Nadia Boulanger, née dans une famille de musiciens fut un talent précoce, multi-diplômée du conservatoire de Paris dès 1906, et second prix de Rome deux ans plus tard. A la disparition de sa géniale sœur Lili (1893-1918) elle renonça à la composition pour entièrement se consacrer à la diffusion de l' œuvre de sa cadette, à la direction de chœurs et d'orchestre, à la redécouverte de répertoires anciens et surtout à la pédagogie musicale. Tant à son domicile privé parisien qu'au conservatoire américain de Fontainebleau, elle forma avec un mélange d'écoute et d'intransigeance des milliers d'élèves venus d'horizons et de cultures très différents.
À l'âge de douze ans, Daniel Barenboim fut brièvement disciple de « Mademoiselle » ; il apporte par son chaleureux et délicat accompagnement une sorte de caution morale au présent projet en épaulant Astrig Siranossian – par ailleurs première violoncelliste de « son » West-Eastern Divan – avec ces trois pièces brèves signées par « Mademoiselle Boulanger » à vrai dire assez anecdotiques, librement post-fauréennes, malgré leur goût et leur maîtrise de l'écriture.
Stravinsky fut ami durant plus d'un demi-siècle avec la grande dame, et trouva sans doute par le biais de cette relation privilégiée l'une des sources d'inspiration de sa veine néo-classique et de sa poétique musicale. Pulcinella (1919) « mettait des moustaches à la Joconde » (Diaghilev dixit), et la suite italienne, sorte de digest chambriste du ballet, rédigée treize ans plus tard en collaboration étroite avec Gregor Piatigorsky réussit une synthèse plus (voire trop) neutre et pondérée entre les originaux baroques napolitains et leurs adaptations iconoclastes du ballet original.
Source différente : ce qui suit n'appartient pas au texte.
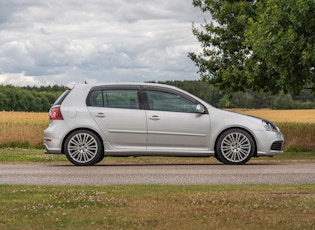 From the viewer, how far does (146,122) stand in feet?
50.9

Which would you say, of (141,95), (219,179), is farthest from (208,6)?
(219,179)

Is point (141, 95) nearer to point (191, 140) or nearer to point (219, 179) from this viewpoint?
point (191, 140)

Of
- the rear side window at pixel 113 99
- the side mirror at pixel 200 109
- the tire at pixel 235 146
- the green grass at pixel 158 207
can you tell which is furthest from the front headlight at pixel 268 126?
Result: the green grass at pixel 158 207

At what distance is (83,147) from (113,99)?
127 centimetres

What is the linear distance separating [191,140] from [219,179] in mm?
2976

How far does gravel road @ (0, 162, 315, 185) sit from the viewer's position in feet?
40.6

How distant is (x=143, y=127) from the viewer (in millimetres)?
15523

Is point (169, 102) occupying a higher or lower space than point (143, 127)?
higher

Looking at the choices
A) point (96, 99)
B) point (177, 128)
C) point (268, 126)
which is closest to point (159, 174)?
point (177, 128)

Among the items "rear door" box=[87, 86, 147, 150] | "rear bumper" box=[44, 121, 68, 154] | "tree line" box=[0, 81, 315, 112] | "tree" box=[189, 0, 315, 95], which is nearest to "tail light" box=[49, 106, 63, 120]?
"rear bumper" box=[44, 121, 68, 154]

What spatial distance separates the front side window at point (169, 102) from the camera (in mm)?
15672

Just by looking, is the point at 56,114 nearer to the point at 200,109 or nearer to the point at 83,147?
the point at 83,147

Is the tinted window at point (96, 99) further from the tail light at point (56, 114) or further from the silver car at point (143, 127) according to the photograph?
the tail light at point (56, 114)

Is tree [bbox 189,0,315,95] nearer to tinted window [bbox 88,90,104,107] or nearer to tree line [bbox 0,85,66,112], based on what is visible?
tinted window [bbox 88,90,104,107] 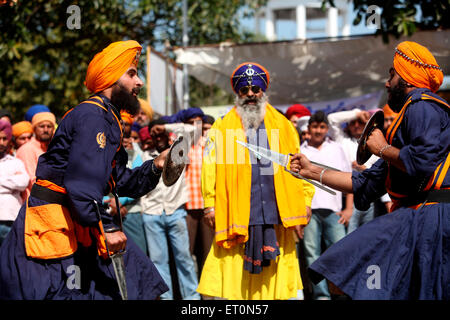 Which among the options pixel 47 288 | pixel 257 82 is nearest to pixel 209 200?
pixel 257 82

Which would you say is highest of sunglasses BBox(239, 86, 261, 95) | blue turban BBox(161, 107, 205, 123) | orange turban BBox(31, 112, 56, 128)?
sunglasses BBox(239, 86, 261, 95)

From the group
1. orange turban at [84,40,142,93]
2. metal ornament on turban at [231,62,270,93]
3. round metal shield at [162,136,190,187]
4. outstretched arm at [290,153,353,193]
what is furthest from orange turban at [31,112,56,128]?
outstretched arm at [290,153,353,193]

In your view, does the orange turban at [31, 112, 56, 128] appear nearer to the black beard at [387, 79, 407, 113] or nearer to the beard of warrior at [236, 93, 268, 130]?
the beard of warrior at [236, 93, 268, 130]

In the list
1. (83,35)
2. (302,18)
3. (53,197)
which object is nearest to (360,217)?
(53,197)

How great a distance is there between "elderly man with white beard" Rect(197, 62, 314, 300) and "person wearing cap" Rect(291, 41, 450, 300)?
1.41 meters

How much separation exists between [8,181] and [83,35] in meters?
6.87

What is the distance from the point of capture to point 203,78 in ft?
34.3

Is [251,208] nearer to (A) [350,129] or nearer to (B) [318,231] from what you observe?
(B) [318,231]

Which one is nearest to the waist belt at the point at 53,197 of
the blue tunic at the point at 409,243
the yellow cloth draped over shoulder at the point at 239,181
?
the blue tunic at the point at 409,243

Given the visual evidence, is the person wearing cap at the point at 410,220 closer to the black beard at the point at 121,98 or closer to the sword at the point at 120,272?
the sword at the point at 120,272

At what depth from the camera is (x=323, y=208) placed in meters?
6.59

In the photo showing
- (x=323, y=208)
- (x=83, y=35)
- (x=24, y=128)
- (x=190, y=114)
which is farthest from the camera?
(x=83, y=35)

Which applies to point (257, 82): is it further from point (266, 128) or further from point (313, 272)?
point (313, 272)

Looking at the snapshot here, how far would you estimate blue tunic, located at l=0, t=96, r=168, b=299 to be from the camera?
341cm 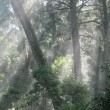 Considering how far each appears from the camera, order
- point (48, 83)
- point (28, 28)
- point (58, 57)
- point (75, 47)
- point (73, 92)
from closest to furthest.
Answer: point (73, 92), point (48, 83), point (28, 28), point (75, 47), point (58, 57)

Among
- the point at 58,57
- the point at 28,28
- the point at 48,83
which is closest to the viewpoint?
the point at 48,83

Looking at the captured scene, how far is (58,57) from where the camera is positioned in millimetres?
33719

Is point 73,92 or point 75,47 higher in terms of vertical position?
point 75,47

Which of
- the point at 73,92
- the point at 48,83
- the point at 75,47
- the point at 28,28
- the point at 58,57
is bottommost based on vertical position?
the point at 73,92

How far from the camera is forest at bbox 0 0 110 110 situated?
13.7 meters

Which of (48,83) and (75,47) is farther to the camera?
(75,47)

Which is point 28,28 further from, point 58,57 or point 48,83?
point 58,57

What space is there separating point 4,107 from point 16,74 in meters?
17.3

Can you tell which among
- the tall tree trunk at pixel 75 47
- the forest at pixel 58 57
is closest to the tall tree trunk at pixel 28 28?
the forest at pixel 58 57

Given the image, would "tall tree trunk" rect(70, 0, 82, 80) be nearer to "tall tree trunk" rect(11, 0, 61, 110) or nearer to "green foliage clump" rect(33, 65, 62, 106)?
"tall tree trunk" rect(11, 0, 61, 110)

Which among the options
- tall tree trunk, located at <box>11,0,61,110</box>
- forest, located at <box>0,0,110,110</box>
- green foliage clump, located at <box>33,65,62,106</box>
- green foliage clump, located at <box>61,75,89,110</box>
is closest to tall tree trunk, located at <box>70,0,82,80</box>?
forest, located at <box>0,0,110,110</box>

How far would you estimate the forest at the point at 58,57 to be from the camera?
13.7m

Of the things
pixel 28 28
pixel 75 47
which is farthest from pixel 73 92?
pixel 75 47

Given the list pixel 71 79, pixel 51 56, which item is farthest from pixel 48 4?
pixel 51 56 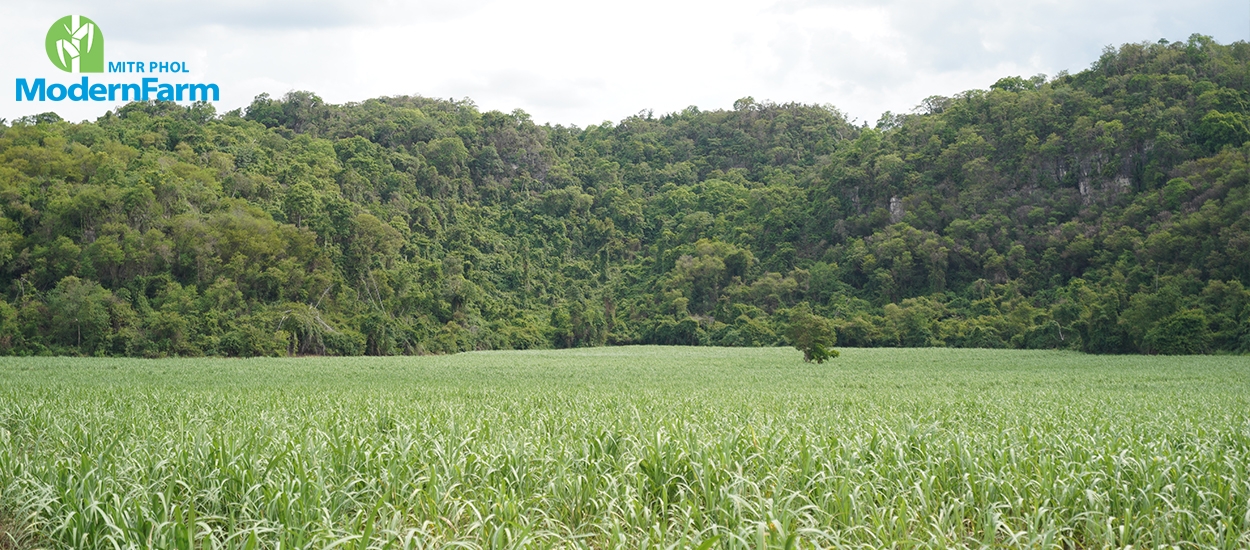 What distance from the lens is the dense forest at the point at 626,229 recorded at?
137 feet

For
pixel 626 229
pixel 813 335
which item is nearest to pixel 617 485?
pixel 813 335

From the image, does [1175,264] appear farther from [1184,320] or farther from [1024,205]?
[1024,205]

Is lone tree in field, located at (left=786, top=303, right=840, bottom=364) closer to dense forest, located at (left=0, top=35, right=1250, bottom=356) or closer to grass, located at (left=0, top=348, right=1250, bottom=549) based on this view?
dense forest, located at (left=0, top=35, right=1250, bottom=356)

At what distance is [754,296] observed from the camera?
71688 mm

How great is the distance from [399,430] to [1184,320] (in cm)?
4174

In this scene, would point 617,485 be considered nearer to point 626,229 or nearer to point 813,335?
point 813,335

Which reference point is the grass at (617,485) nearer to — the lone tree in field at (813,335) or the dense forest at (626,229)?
the lone tree in field at (813,335)

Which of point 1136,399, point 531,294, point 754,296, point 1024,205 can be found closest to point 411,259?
point 531,294

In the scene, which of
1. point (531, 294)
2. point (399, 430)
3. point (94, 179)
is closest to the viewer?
point (399, 430)

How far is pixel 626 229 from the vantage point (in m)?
91.3

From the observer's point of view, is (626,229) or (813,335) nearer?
(813,335)

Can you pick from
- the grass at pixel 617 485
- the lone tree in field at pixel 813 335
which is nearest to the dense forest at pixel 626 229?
the lone tree in field at pixel 813 335

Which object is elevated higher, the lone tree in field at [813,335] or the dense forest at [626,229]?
the dense forest at [626,229]

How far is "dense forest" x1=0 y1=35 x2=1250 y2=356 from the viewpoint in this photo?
137 feet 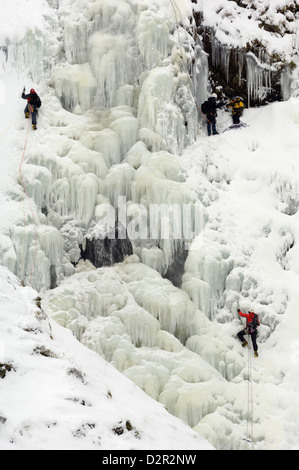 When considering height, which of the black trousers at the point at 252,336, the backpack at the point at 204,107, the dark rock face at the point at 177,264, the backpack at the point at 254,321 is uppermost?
the backpack at the point at 204,107

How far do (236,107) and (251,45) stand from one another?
1817 millimetres

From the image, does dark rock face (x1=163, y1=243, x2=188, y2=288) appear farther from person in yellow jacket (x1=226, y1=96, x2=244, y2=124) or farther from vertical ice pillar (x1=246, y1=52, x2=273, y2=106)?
vertical ice pillar (x1=246, y1=52, x2=273, y2=106)

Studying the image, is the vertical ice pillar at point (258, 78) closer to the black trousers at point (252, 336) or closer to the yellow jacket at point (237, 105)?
the yellow jacket at point (237, 105)

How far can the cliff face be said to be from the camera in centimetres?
1386

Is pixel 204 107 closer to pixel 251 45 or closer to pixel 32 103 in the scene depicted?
pixel 251 45

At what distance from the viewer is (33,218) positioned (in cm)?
1023

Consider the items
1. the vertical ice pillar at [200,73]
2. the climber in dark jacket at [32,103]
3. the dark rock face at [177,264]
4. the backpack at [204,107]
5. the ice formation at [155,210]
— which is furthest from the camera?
the vertical ice pillar at [200,73]

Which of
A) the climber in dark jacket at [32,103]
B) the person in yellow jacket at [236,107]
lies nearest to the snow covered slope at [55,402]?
the climber in dark jacket at [32,103]

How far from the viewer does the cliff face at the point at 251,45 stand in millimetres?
13859

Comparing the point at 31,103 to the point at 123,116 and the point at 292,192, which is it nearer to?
the point at 123,116

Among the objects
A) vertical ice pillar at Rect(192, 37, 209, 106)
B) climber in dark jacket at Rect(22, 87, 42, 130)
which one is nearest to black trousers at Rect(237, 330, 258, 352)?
climber in dark jacket at Rect(22, 87, 42, 130)

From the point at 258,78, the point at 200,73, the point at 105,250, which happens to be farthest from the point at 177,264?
the point at 258,78

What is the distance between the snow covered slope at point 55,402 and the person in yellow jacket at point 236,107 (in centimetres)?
858

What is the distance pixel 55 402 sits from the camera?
4.83 m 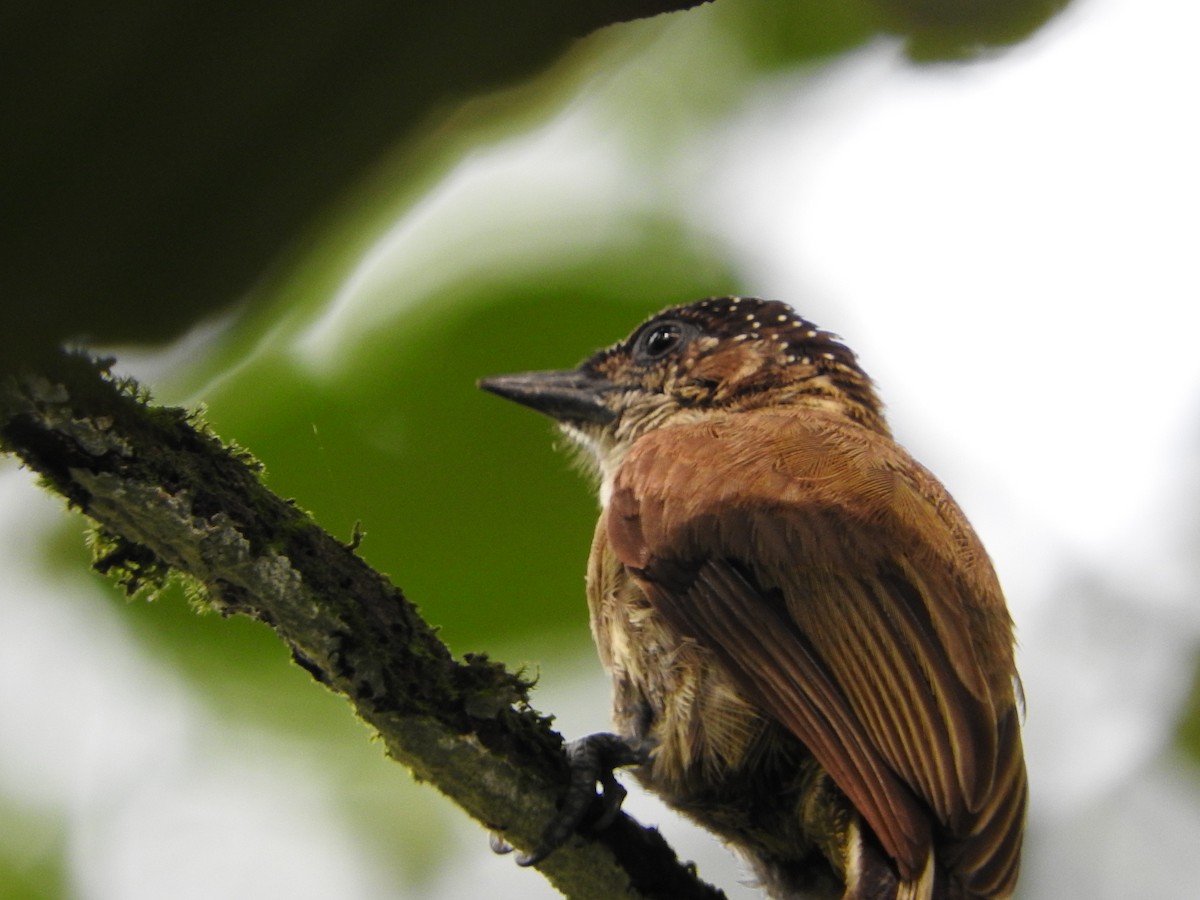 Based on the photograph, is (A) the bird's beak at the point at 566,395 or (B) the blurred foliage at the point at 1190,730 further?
(B) the blurred foliage at the point at 1190,730

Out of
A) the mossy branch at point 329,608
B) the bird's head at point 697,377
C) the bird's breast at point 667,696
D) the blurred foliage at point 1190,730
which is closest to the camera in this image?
the mossy branch at point 329,608

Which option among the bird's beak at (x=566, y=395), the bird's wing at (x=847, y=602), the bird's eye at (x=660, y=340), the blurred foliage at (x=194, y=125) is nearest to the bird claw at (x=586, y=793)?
the bird's wing at (x=847, y=602)

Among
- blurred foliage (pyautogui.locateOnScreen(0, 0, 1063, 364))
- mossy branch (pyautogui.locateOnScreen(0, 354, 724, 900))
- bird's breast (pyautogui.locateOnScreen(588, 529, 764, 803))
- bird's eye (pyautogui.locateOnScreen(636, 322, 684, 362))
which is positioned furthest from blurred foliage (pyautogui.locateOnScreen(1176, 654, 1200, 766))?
blurred foliage (pyautogui.locateOnScreen(0, 0, 1063, 364))

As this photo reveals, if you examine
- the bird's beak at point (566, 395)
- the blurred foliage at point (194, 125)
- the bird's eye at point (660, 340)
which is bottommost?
the blurred foliage at point (194, 125)

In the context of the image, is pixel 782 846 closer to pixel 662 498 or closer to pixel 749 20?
pixel 662 498

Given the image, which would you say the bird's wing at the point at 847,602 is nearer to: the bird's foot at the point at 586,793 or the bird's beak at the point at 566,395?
the bird's foot at the point at 586,793

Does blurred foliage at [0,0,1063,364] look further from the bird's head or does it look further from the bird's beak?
the bird's head

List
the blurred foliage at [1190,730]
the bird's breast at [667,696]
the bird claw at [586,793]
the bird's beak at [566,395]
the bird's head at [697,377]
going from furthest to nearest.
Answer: the blurred foliage at [1190,730] → the bird's head at [697,377] → the bird's beak at [566,395] → the bird's breast at [667,696] → the bird claw at [586,793]

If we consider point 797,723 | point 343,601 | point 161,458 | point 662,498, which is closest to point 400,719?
point 343,601

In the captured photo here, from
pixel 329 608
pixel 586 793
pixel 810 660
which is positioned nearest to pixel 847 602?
pixel 810 660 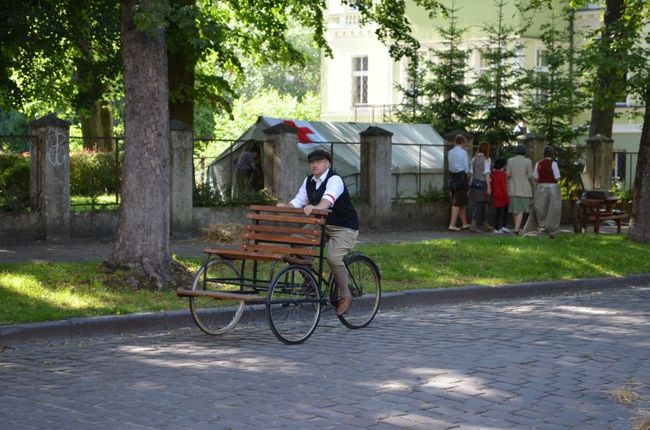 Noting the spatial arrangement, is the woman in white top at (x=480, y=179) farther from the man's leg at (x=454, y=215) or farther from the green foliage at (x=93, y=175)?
the green foliage at (x=93, y=175)

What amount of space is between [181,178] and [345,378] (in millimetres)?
11923

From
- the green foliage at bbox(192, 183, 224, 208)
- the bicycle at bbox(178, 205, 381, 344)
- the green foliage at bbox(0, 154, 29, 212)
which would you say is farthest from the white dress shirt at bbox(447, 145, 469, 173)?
the bicycle at bbox(178, 205, 381, 344)

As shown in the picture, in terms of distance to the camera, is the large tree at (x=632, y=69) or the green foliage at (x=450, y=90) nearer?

Par une palette sonore très diversifiée (serenata, aria), ou un irrésistible sens du rebond rythmique (introduzione, minuetto et finale) Astrig Siranosian, superbement soutenue par l'impeccable et ductile Nathanaël Gouin, donne une version de référence de cette rédaction, narquoise par l'ambigüité de ses référents stylistiques, entre âges modernes et anciens.
Mais l'essentiel du programme est consacré aux œuvres – il est vrai composées souvent bien après leurs années de « scolarité » – de quelques-uns des plus célèbres élèves de la « dear Mademoiselle ». L'immense diversité esthétique des compositions retenues prouve le respect des talents ainsi suscités, comme révélés à eux-mêmes malgré la discipline de fer du professeur-femme !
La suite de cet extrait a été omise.